16 Jan 2011 · News ed Eventi

p2p-filesharingUna delle alternative vagliate per contrastare quello che a volte viene definito il “problema” peer to peer (mi dissocio da questa definizione sfortunata) è di limitare la sua diffusione attraverso l’applicazione di filtri. Tali impedimenti vengono già applicati spesso dagli operatori di rete mobile al fine di preservare la qualità della banda, limitando quella disponibile per streaming e file sharing. Le leggi attorno al diritto d’autore però vorrebbero obbligare gli Internet service provider ad utilizzare tali blocchi obbligatoriamente. Dal canto loro le aziende che forniscono accesso alla rete si rifiutano di accollarsi tale responsabilità preferendo che i file incriminati siano eliminati.

Per far sentire la loro voce, gli ISP riuniti nell’EuroISPA (che raccoglie 1800 ISP in Europa) hanno inviato una richiesta al Parlamento Europeo. La loro volontà è quella di dimostrare che i filtri in questione sono da evitare in quanto richiedono un eccessivo consumo di banda, non assicurano il filtraggio corretto ed esistono metodi relativamente semplici per superarli, rendendoli completamente inefficaci.

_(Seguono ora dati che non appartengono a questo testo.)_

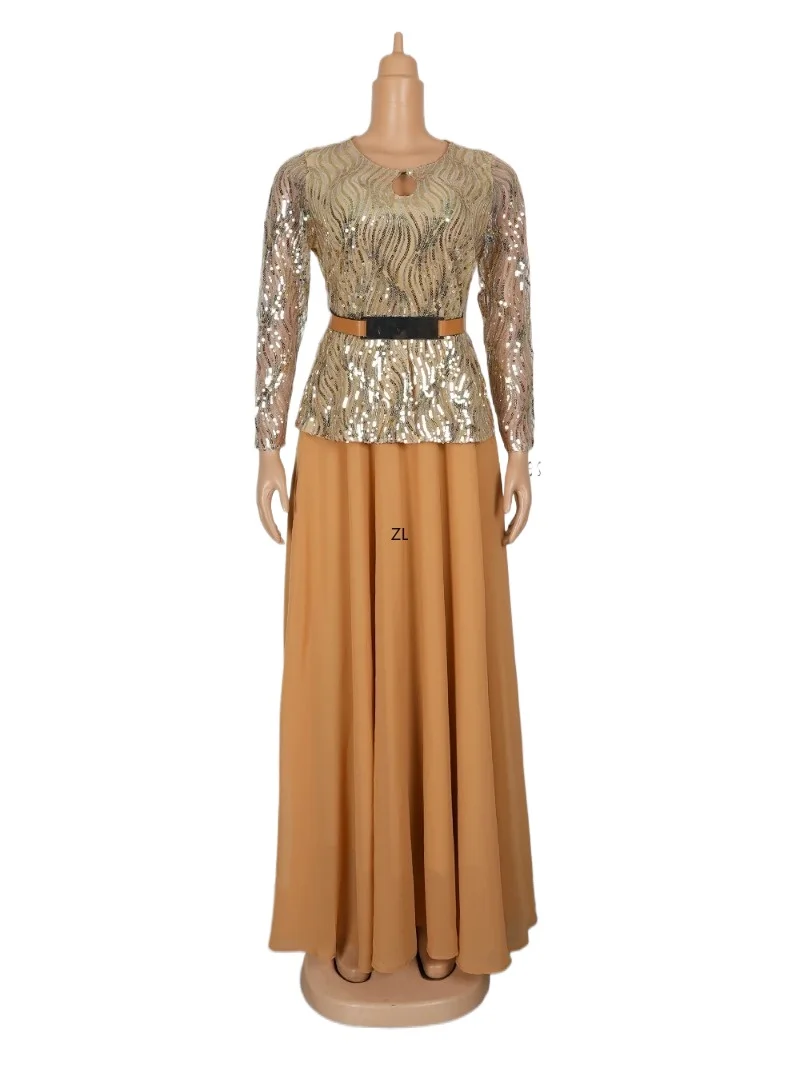 

Plus Size Sequin African Dresses for Women Dubai Abaya Turkey Kaftan Africa Clothing Ankara Dashiki Wedding Evening Party Dress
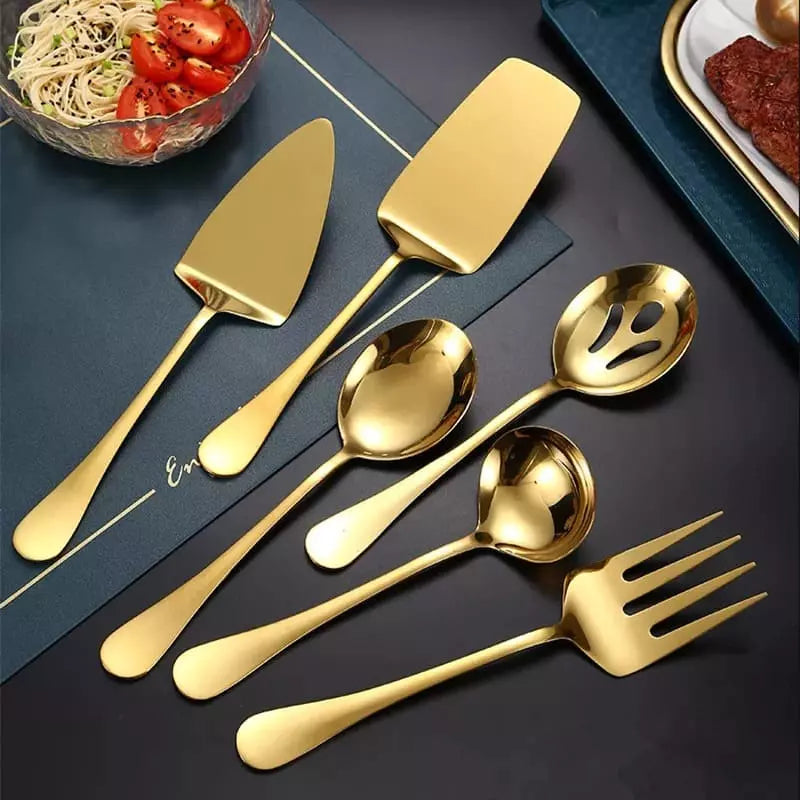 Kit de Utensílios de Cozinha em Aço Inox Dourado Sofisticado - Dourado 6 peças Casa Elège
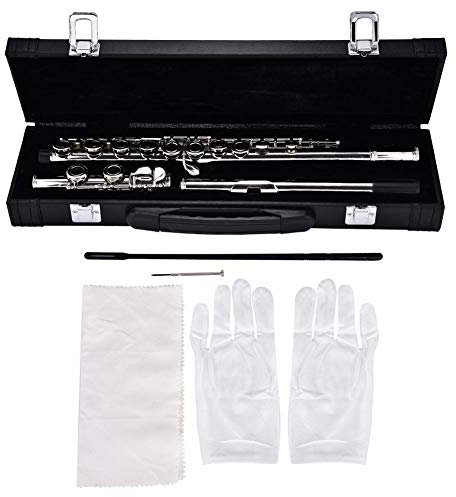 Querflöte aus Kupfer für Anfänger, 16 Schlüssel, geschlossenes Loch, C, Flöte, Musikinstrument mit Lederbox, für Anfänger, 63 x 5 cm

Perchè la sua voce sia più forte l’EuroISPA ha posto l’accento sul materiale pedopornografico. Il presidente dell’associazione, Malcom Hutty, ha commentato così la questione: “l’enfasi dovrebbe essere posta su meccanismi in grado di garantire notifiche tempestive e la rimozione del materiale pedopornografico”. Quel che è evidente è che i provider, giustamente, stanno cercando di evitare che su di loro cada un’eccessiva responsabilità rispetto a quella che già hanno.